──────── COLLECTED MATERIAL ────────

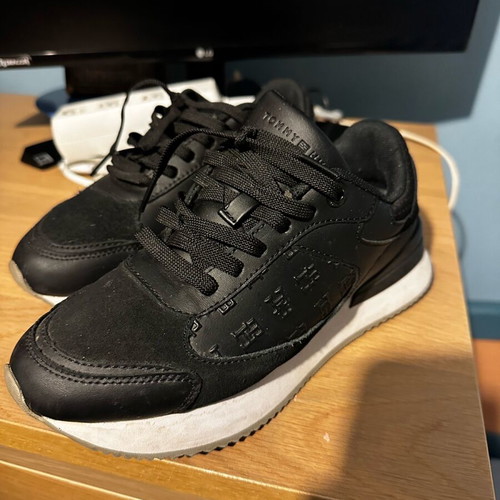 Tommy Hilfiger women's sneakers like new, size 36, black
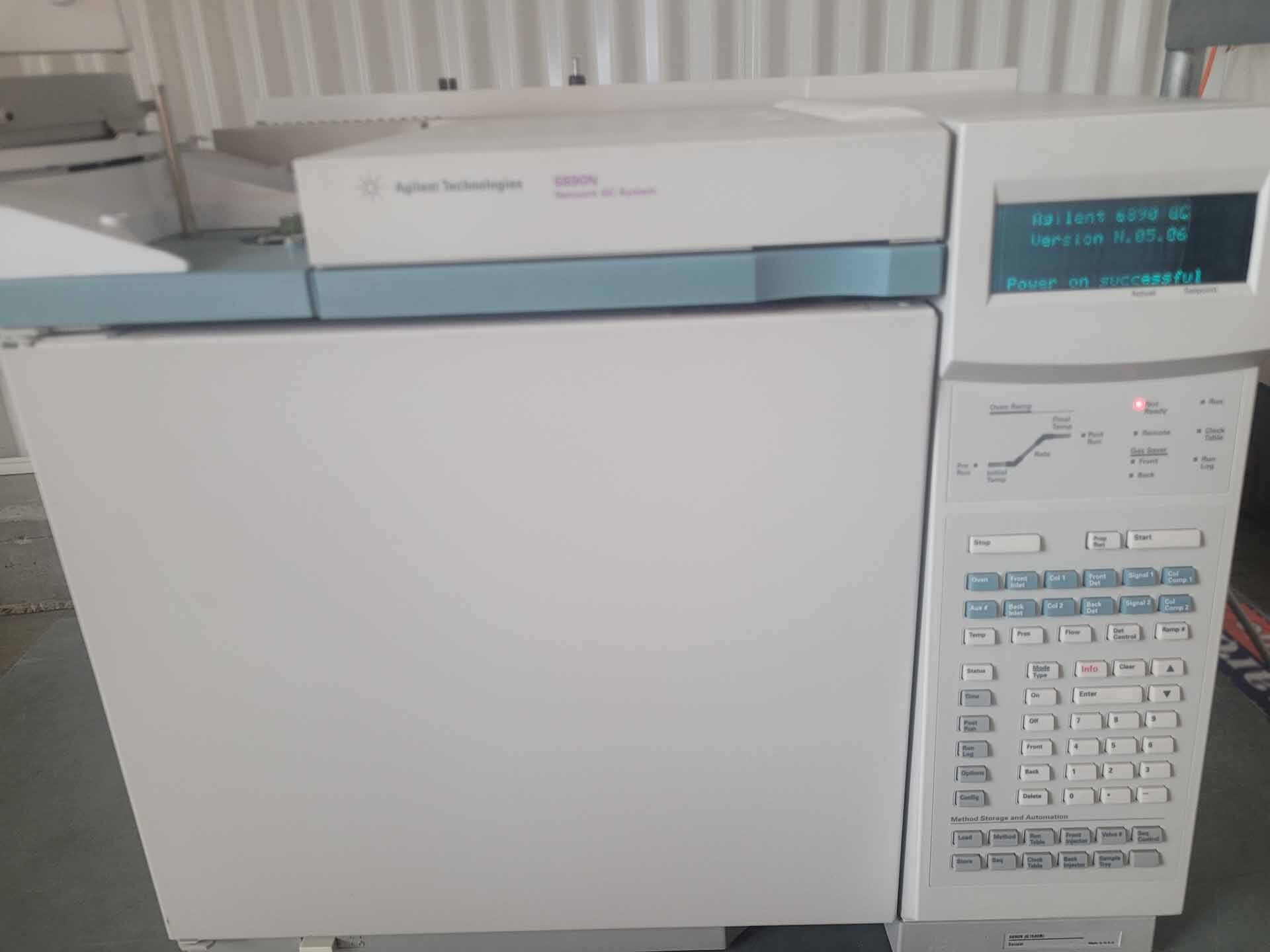 Photo Utilisé AGILENT / HP / HEWLETT-PACKARD / KEYSIGHT 6890N À vendre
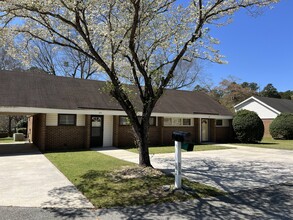 300 Lovely Ln in Orangeburg, SC - Building Photo - Building Photo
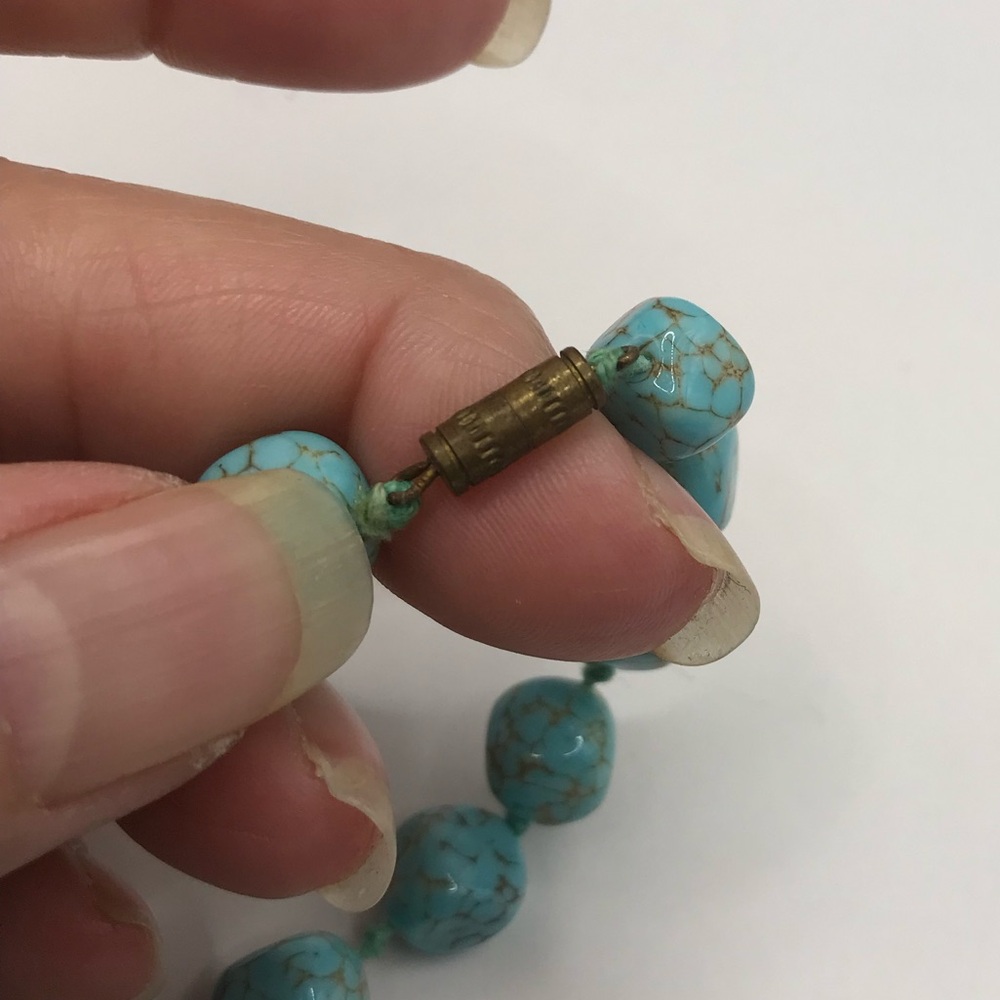 Vintage Turquoise Dyed Howlite Beaded Necklace - Picture 5 of 7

────────

WHAT THIS TASK INVOLVES. The answer should match the material exactly, with every picture removed.

YOUR SOLUTION.
 Tommy Hilfiger women's sneakers like new, size 36, black
 Photo Utilisé AGILENT / HP / HEWLETT-PACKARD / KEYSIGHT 6890N À vendre
 300 Lovely Ln in Orangeburg, SC - Building Photo - Building Photo
 Vintage Turquoise Dyed Howlite Beaded Necklace - Picture 5 of 7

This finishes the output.